ZiweiWu · November 7, 2018, 10:51am

Hi all,
I tried to import a 50GB netCDF file into Paraview but always run into Memory error like this:

So I’m wondering if there’s a limit on the size of input file in Paraview or the memoryError happened just because my local memory was too small? And is there any way that I can run this on my local machine or it has to be HPC?

Thanks!

cory.quammen · November 7, 2018, 2:20pm

Do you have more than 50GB of RAM? How many timesteps are in the file?

banesullivan · November 7, 2018, 3:30pm

I see this is coming from a vtkPythonAlgorithm. Is this a custom netCDF reader plugin?

If so, you may want to update the request data script to only read chunks of the netCDF file based on your current time step or data extent.

ZiweiWu · November 8, 2018, 3:15am

No, local machine only have 16GB RAM, and there’re 25 timesteps in the file.

ZiweiWu · November 8, 2018, 3:24am

Yeah, this could be a solution, I’ll try it out. And yes, I’m using the PVGeo-CMAQ reader, the file contains 25 timesteps (looks like the file I sent you last time but has bigger scale). Do I have to update script in both PVGeo and PVGeo-HDF5 or only update PVGeo-HDF5?
Thanks!

banesullivan · November 8, 2018, 6:57pm

You will only need to update the code for the PVGeo-CMAQ reader in PVGeo-HDF.

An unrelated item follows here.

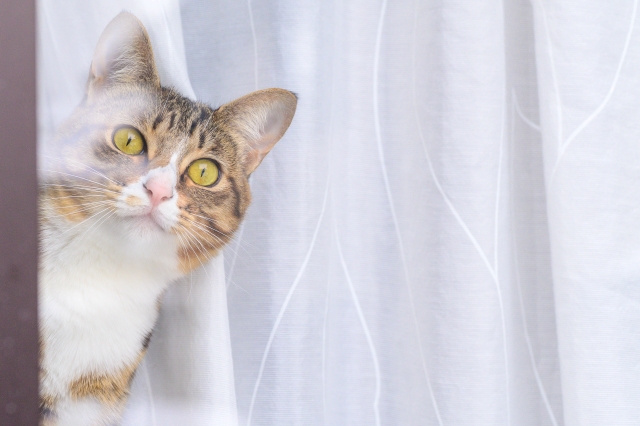 愛猫の観察こそ飼い主の義務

To outline the changes needed, instead of reading the data up front (this is what the PVGeo-CMAQ reader is currently doing), you’ll update it to get the requested time step and pass that timestep to the reading function to only read the requested part of the file.

So change lines 190-193 to pass the requested timestep on every RequestData call. Then change _ReadUpFront to take the timestep index and restructure that function to only grab the needed data for each time step.

This might be a bit clunky, but it should allow you to visualize the 50GB data file on your local machine.

ZiweiWu · November 11, 2018, 1:33am

Got it, I’ll try it out later. Thanks Bane!